● **Work instruction**:
Keep the pictures out while you transcribe the listing below exactly.

[[ Records shown open ]]

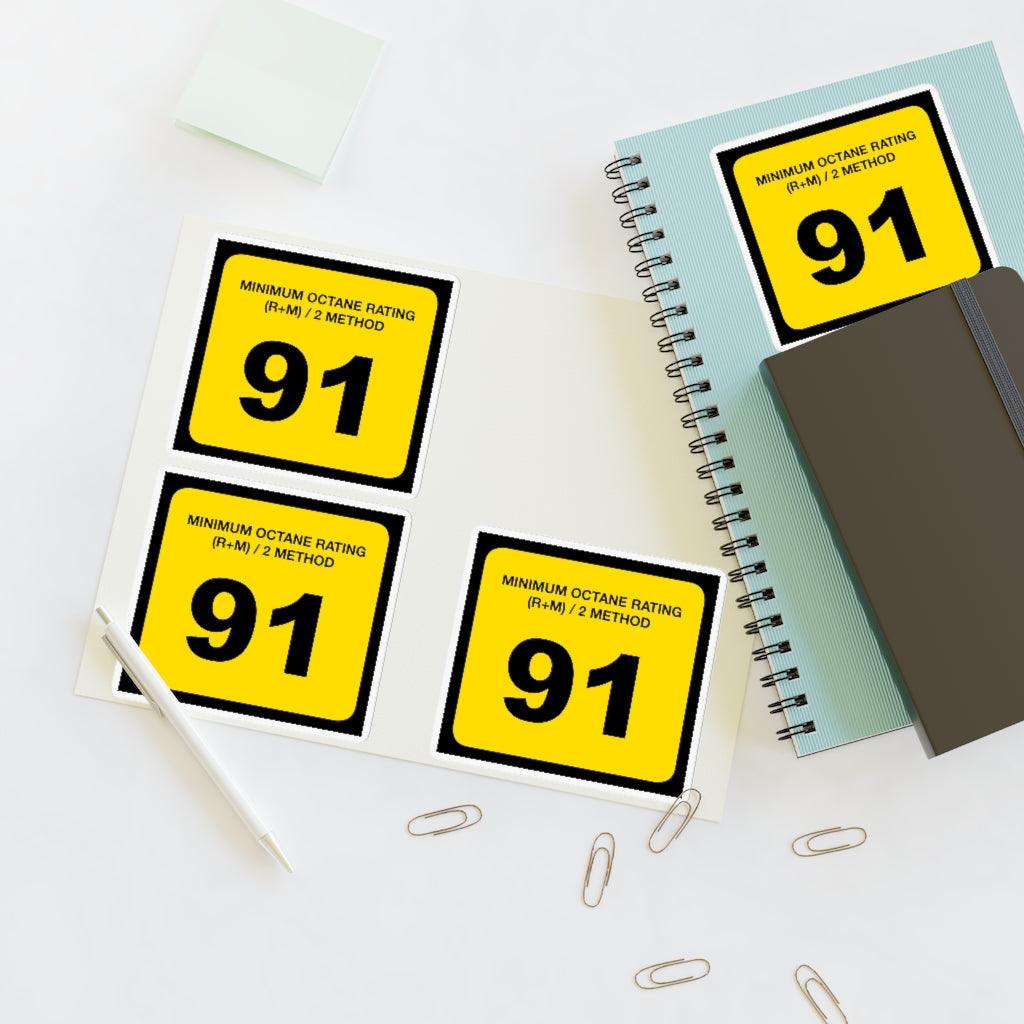 91 Octane Gas Sticker Sheet - Art Unlimited
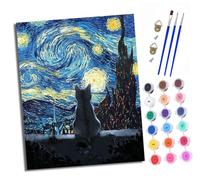 XXHXIE Paint by Numbers Paint by Numbers for Adults Beginners 40 x 50 cm Moonlight Kitten Back Adults Paint by Numbers with Paint Brushes DIY Painting for Home Decoration with Frame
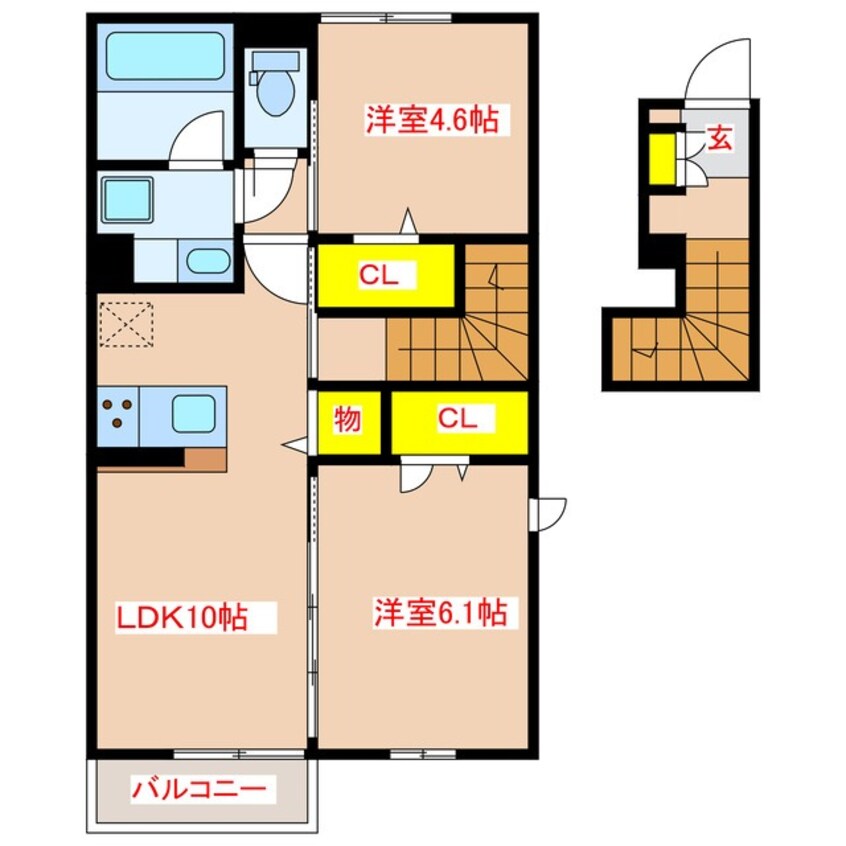 間取図 Ａｖｅｎｉｒ五代町　Ⅰ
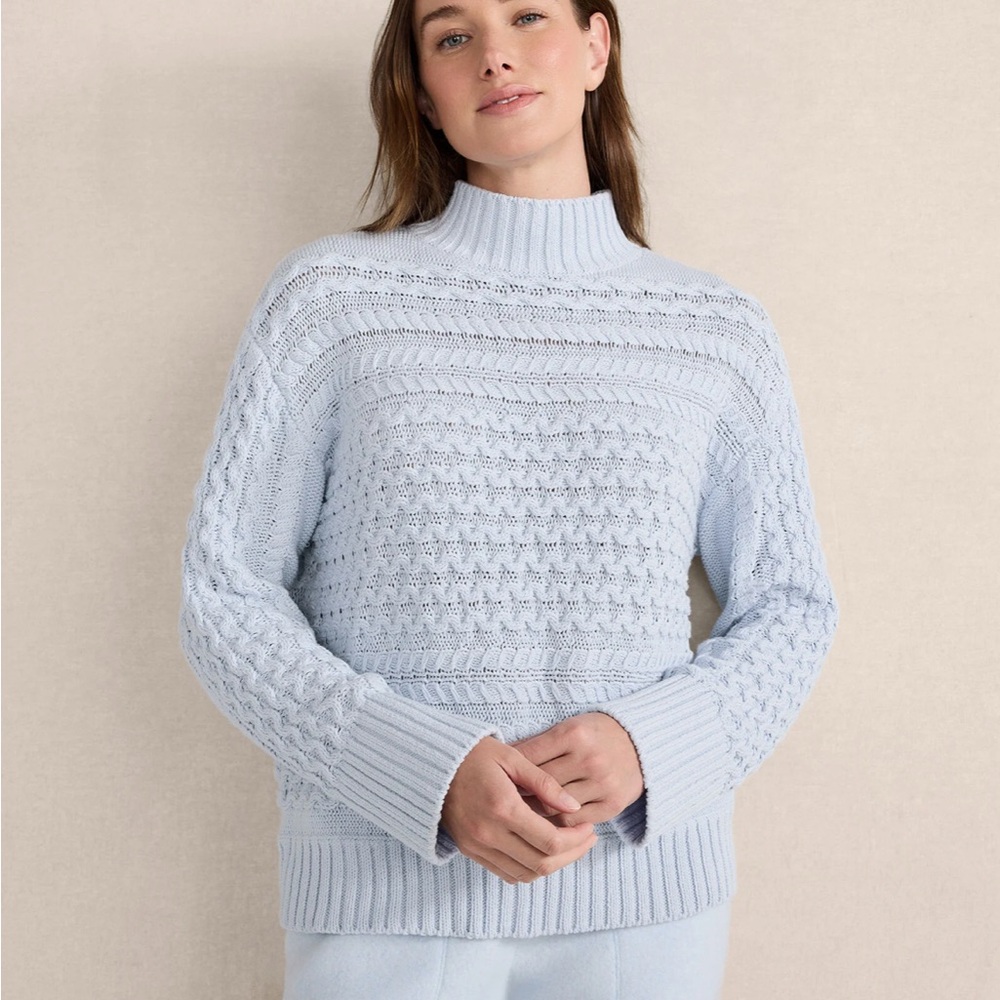 NWT Haven Well Within Organic Cotton Cable Knit Funnel Neck Sweater Sz M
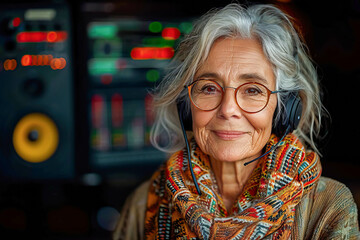 Old woman radio host broadcasting live in studio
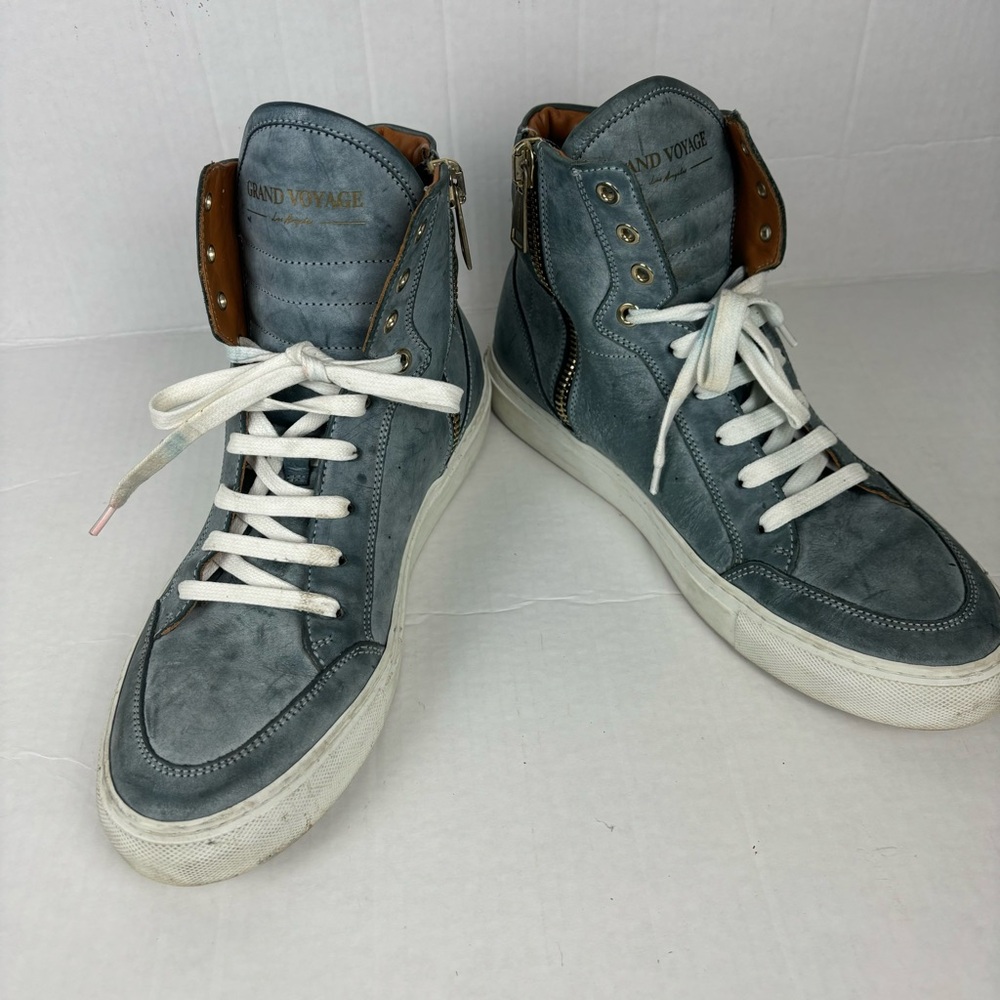 Grand Voyage/LA “Belmondo High”high-top sneakers in blue burnished Men’s 9.5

[[ Records shown closed ]]

● **Reply to the exercise**:
 91 Octane Gas Sticker Sheet - Art Unlimited
 XXHXIE Paint by Numbers Paint by Numbers for Adults Beginners 40 x 50 cm Moonlight Kitten Back Adults Paint by Numbers with Paint Brushes DIY Painting for Home Decoration with Frame
 間取図 Ａｖｅｎｉｒ五代町　Ⅰ
 NWT Haven Well Within Organic Cotton Cable Knit Funnel Neck Sweater Sz M
 Old woman radio host broadcasting live in studio
 Grand Voyage/LA “Belmondo High”high-top sneakers in blue burnished Men’s 9.5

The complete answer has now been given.